#### WHAT IS BEING ASKED:
Stop at the line that contains "Loft Atypique - Vieux". Until then, set down each line of the records exactly, beginning with the first, and skip pictures.
*** DATA UNDER STUDY Section Begins ***
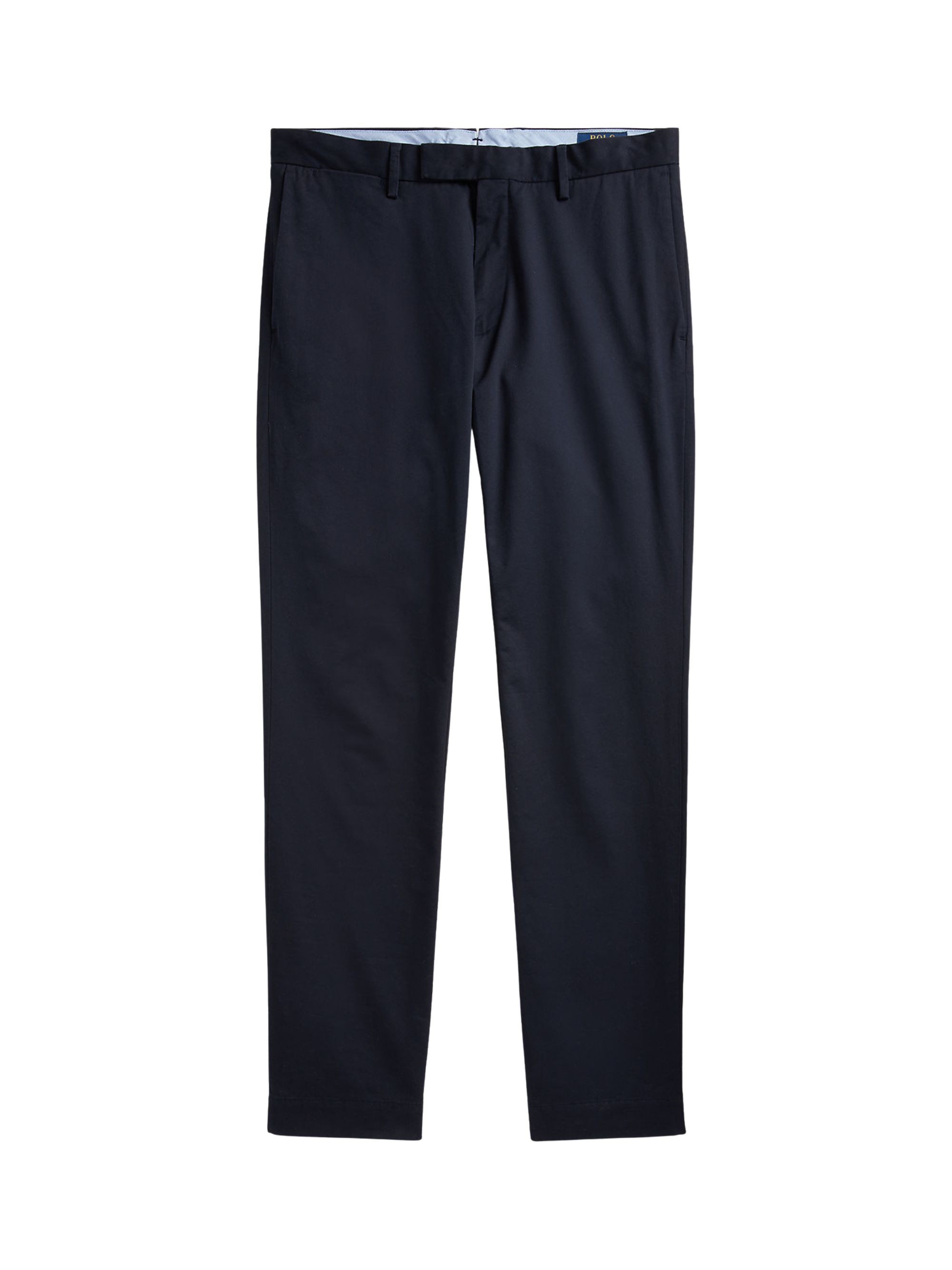 POLO RALPH LAUREN Slim Fit Chino Trousers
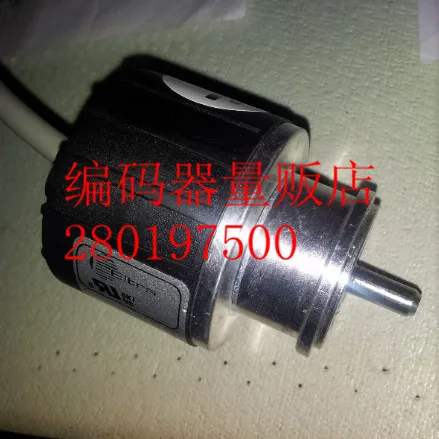 

[BELLA] OMB5-360-E05L alternative to high precision EL40V rotary encoder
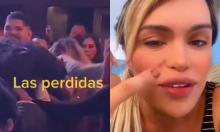 perdidas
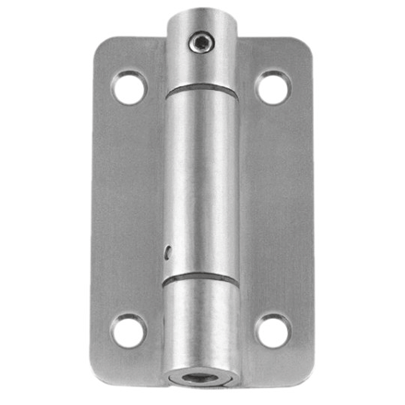 Stainless Steel Hinge - SA - A04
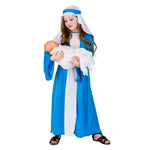 Children's Mary Nativity Costume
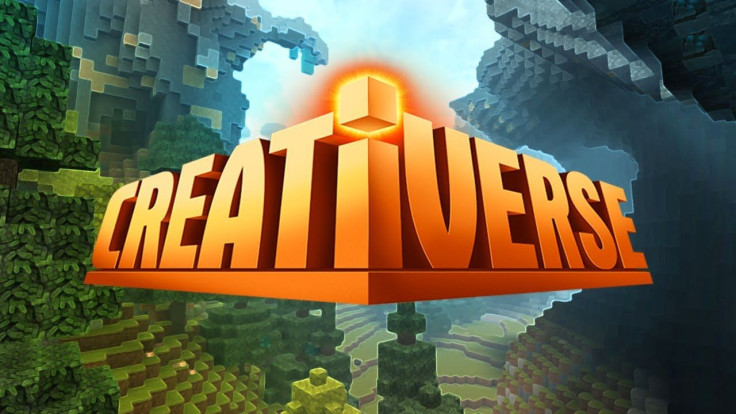 Creativerse mixes the creation of Minecraft with the shareable design of LittleBigPlanet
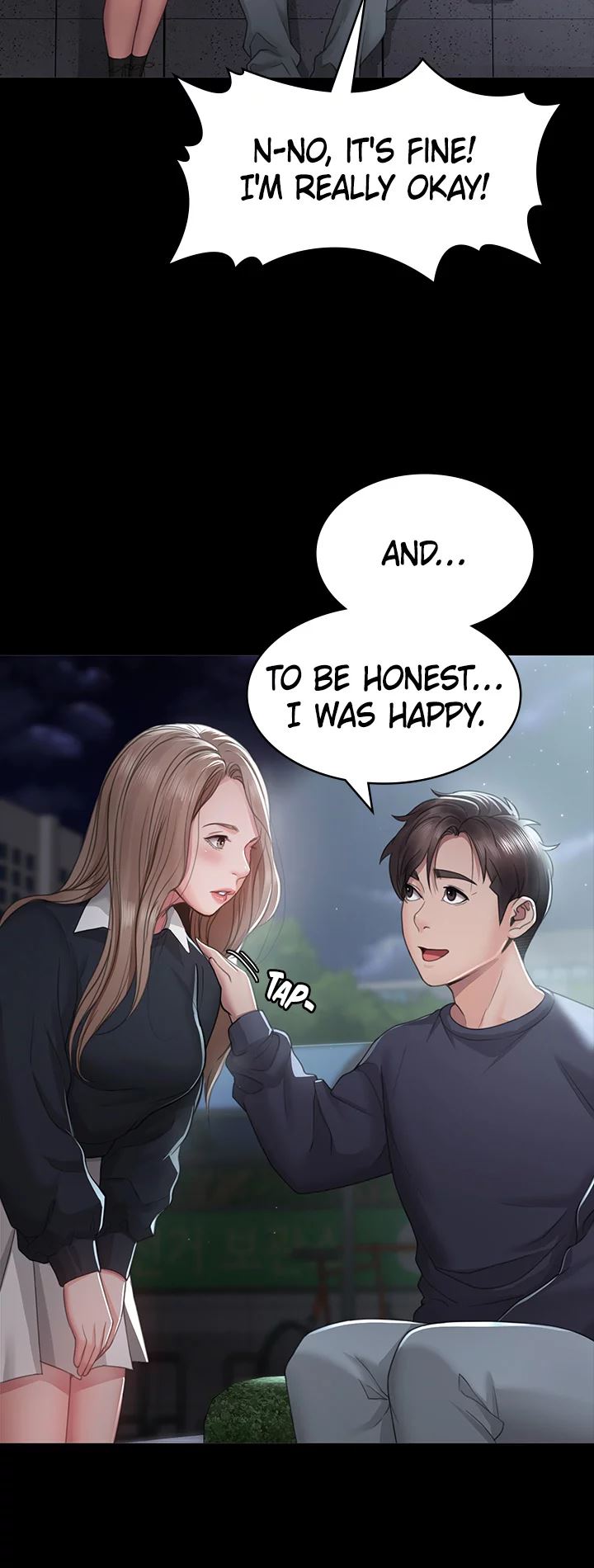 Bully Girl - Chapter 12 [photo 42] - MangaPorn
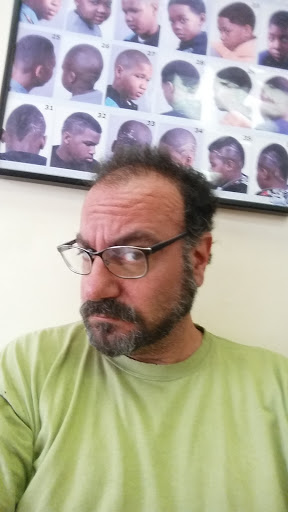 Barber Shop «CANEVARO BARBERSHOP», reviews and photos, 32 5th Ave, Bay Shore, NY 11706, USA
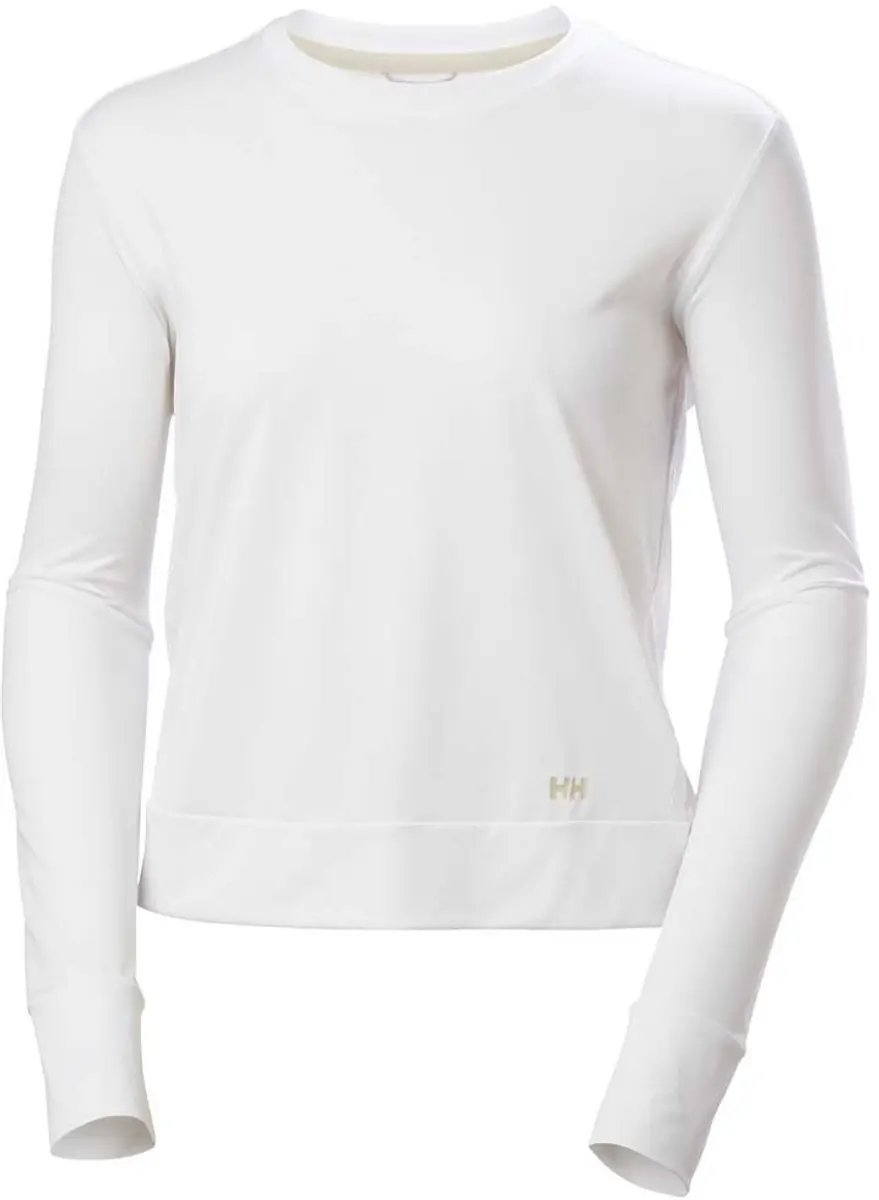 Helly Hansen Sval Basislaag Wit - XL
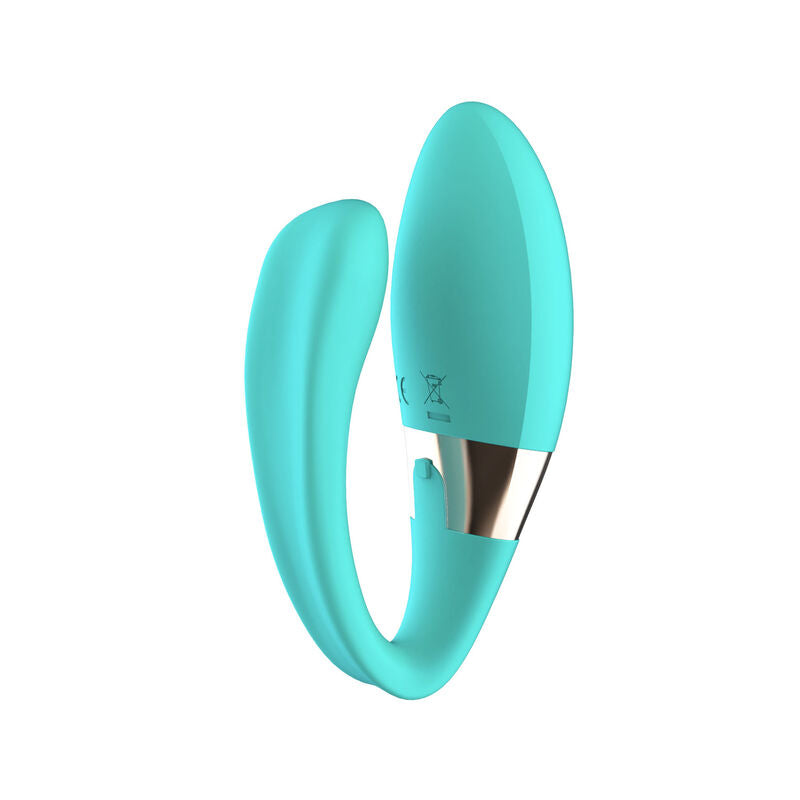 Lelo tiani harmony masajeador parejas aqua-4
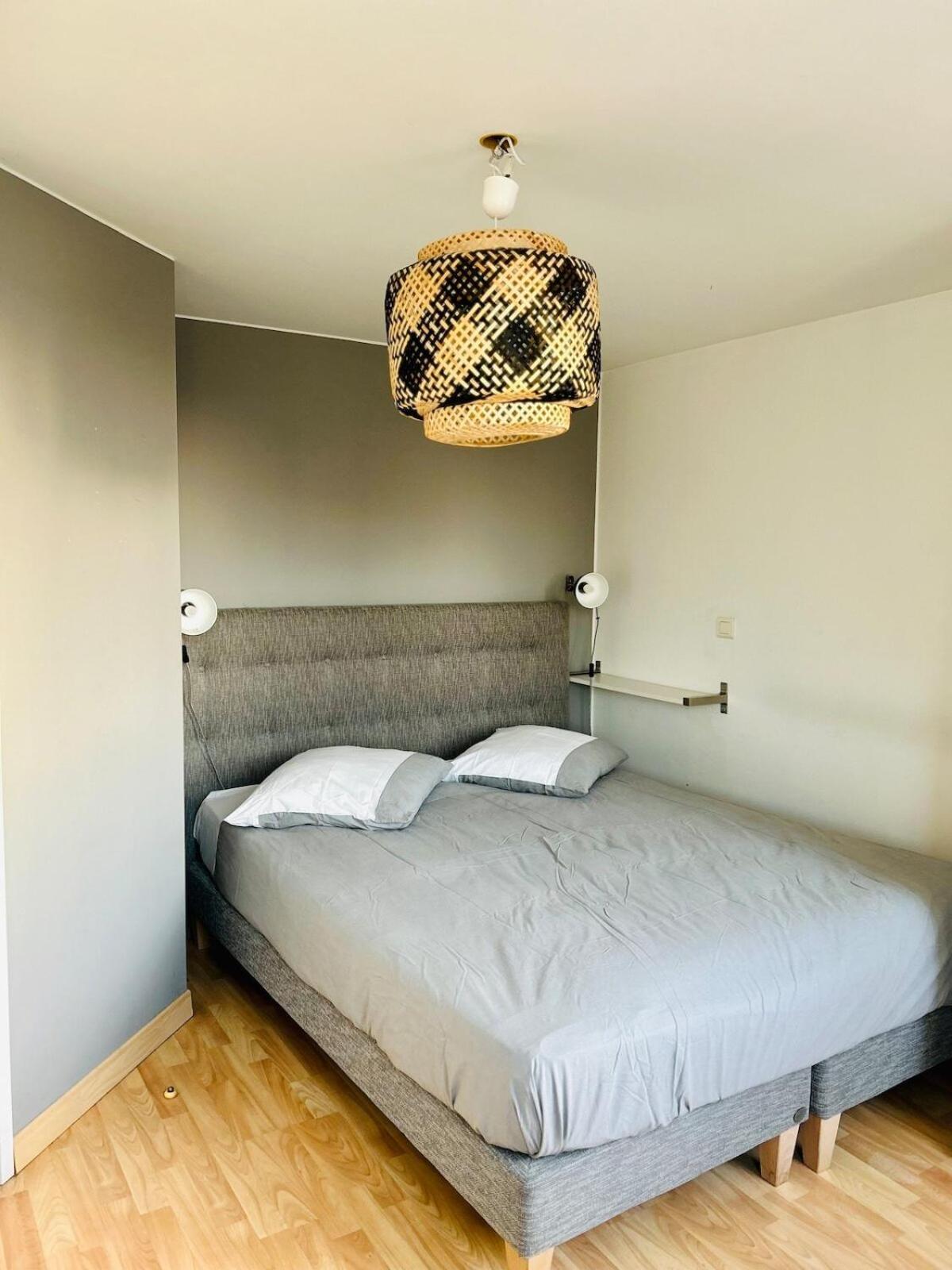 Loft Atypique - Vieux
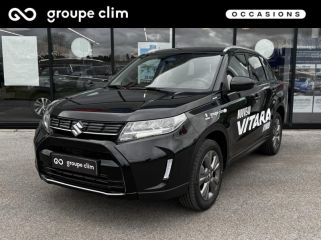 40990 : Hyundai Dax - i-AUTO - SUZUKI Vitara - Vitara - Cosmic Black Pearl métallisé - Traction - Essence/Micro-Hybride
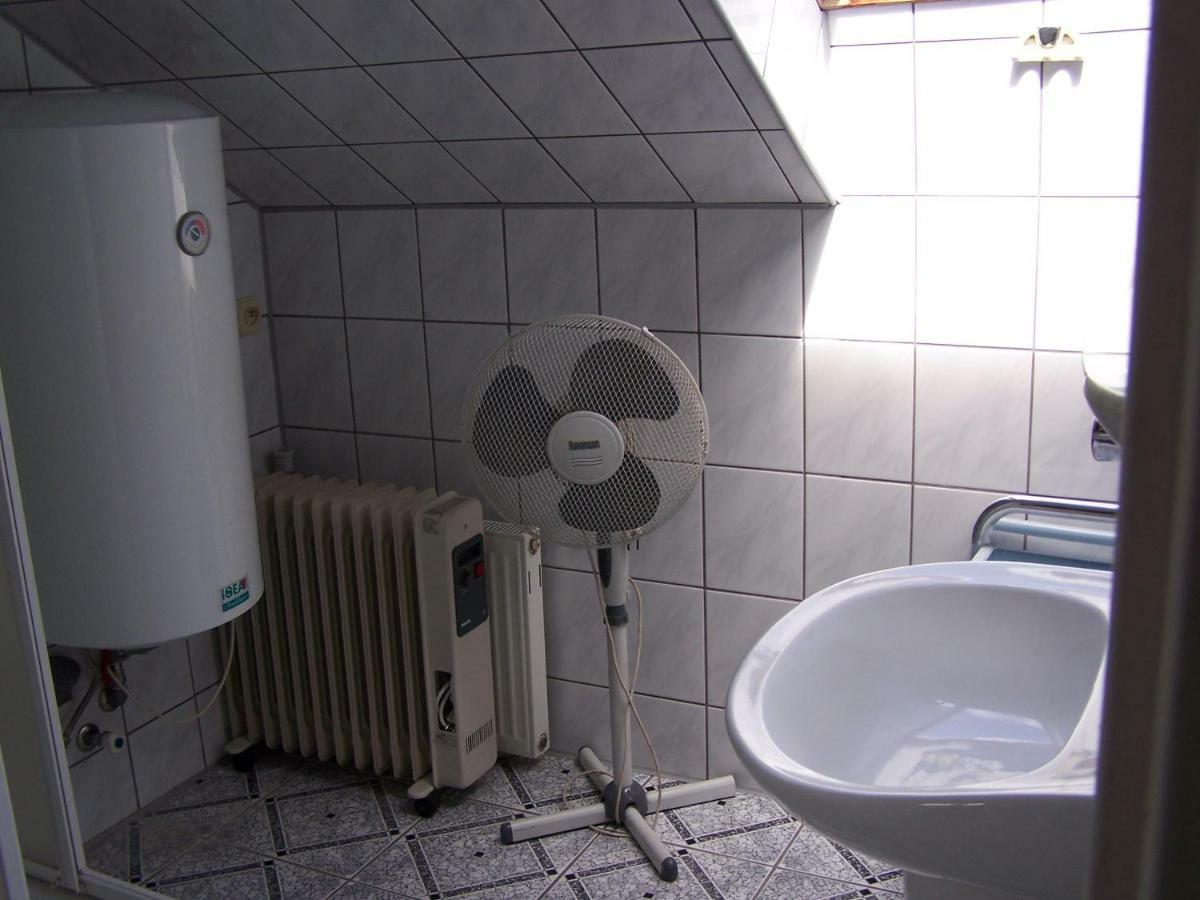 Agrohotelik-Gospodarstwo Agroturystyczne Mrągowo Eksteriør bilde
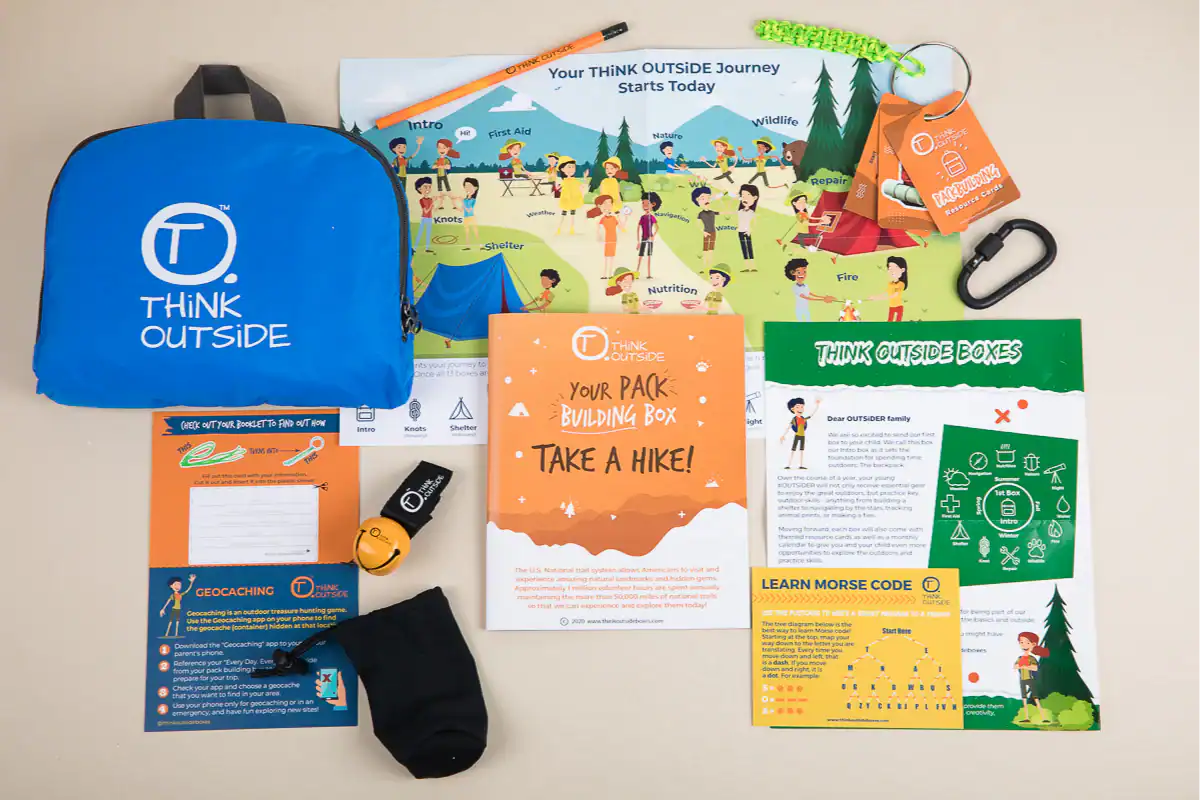 10 Monthly Subscription Boxes for Kids That Prevent Summer Slide the Fun Way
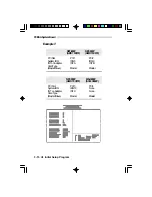 Предварительный просмотр 62 страницы DFI G586OP User Manual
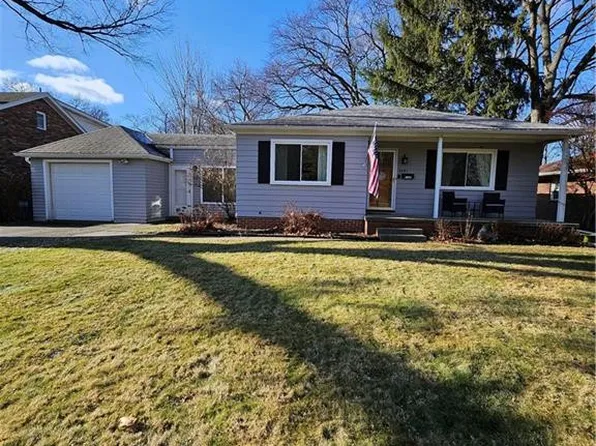 4847 Hannaford Dr, Toledo, OH 43623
*** DATA UNDER STUDY Section Ends ***
#### EXERCISE RESULT:
 POLO RALPH LAUREN Slim Fit Chino Trousers

[BELLA] OMB5-360-E05L alternative to high precision EL40V rotary encoder
 perdidas
 Stainless Steel Hinge - SA - A04
 Children's Mary Nativity Costume
 Creativerse mixes the creation of Minecraft with the shareable design of LittleBigPlanet
 Bully Girl - Chapter 12 [photo 42] - MangaPorn
 Barber Shop «CANEVARO BARBERSHOP», reviews and photos, 32 5th Ave, Bay Shore, NY 11706, USA
 Helly Hansen Sval Basislaag Wit - XL
 Lelo tiani harmony masajeador parejas aqua-4
 Loft Atypique - Vieux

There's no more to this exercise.